Career speaker recap: Environmental lecturer on defining your future

Ryan Wisowaty and

Environmental lecturer and writer Jeffrey Ball addresses Palo Alto High School students on the fourth day of career speaker series on Thursday. Recalling his background as a journalist, Ball told students about why it is not always important to have life figured out. “I never ever would have been able to predict where I ended up,” Ball said. “That’s actually a really wonderful thing.” Photo: Ryan Wisowaty

With a passion for climate change, writing and “pissing people off,” environmental writer Jeffrey Ball shared his lessons on life in front of a crowd of Palo Alto High School students in the Media Art Center as part of the Career Speaker Series on Thursday.

Before becoming a Stanford lecturer and freelance writer, Ball began his career in journalism. Graduating from college in the midst of a nationwide recession, the hard truth that Ball had to confront was that not many publications were hiring.

Ball recounted how application after application he sent to newspapers across the country came back with rejections.

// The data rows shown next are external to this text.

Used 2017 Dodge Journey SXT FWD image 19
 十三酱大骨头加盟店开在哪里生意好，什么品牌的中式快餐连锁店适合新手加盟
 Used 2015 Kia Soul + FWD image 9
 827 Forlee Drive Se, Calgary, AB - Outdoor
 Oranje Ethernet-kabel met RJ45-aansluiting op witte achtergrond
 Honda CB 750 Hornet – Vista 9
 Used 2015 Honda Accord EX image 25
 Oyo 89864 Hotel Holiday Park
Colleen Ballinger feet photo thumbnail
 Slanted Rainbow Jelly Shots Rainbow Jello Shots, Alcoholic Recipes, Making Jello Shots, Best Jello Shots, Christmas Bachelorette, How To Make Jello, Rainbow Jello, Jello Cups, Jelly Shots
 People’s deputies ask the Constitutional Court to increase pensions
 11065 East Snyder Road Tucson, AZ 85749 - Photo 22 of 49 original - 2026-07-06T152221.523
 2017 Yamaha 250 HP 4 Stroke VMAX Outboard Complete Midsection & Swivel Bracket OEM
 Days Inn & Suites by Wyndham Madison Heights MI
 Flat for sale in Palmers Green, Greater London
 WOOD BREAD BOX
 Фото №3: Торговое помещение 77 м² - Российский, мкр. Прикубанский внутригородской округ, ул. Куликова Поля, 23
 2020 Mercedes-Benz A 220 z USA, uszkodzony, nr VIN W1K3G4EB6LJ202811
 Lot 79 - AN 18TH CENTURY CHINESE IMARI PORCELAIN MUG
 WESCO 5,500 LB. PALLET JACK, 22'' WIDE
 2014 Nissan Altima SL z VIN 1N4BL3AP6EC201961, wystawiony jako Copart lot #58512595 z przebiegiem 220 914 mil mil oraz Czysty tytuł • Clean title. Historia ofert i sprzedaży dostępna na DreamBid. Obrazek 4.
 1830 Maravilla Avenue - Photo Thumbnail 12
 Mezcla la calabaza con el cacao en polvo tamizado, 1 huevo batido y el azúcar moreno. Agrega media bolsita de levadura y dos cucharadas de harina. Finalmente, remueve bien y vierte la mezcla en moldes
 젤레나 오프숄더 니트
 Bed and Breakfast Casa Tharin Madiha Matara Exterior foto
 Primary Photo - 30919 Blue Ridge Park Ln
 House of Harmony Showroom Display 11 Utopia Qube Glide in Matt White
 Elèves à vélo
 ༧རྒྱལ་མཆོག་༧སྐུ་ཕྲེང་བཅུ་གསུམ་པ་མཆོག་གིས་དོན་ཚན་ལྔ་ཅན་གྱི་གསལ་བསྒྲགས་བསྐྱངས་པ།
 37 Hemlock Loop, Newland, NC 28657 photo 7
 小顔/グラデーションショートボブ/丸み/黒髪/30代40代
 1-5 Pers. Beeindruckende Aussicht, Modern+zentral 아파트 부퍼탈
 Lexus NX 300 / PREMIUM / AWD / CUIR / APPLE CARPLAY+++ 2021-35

Eventually finding a job at a newspaper in Corpus Christi, Texas, Ball recounts how he worked through the ranks and found his way into his dream job at the Wall Street Journal.

Wanting to write about his passion for the environment, Ball convinced the Wall Street Journal to let him write about the environment as an economic issue.

As Ball continued his career, he faced a major decision: to accept a promotion at the Wall Street Journal or accept an offer to teach and write at Stanford.

For Ball, the choice was complicated — and he was almost drawn to continue at the Journal.

“I am supposed to want to do that [continue at the Journal],” Ball said.

Instead, Ball chose the Stanford option.

Reflecting on his decision, he would have never imagined where he would be, he said. During his high school and college years, Ball remembered always asking himself what he wanted to do and feeling the need to have his life defined. But you cannot always do that, Ball said.

“Don’t worry about where that is going to get you in 10 years,” Ball advised Paly students, “because you don’t know.”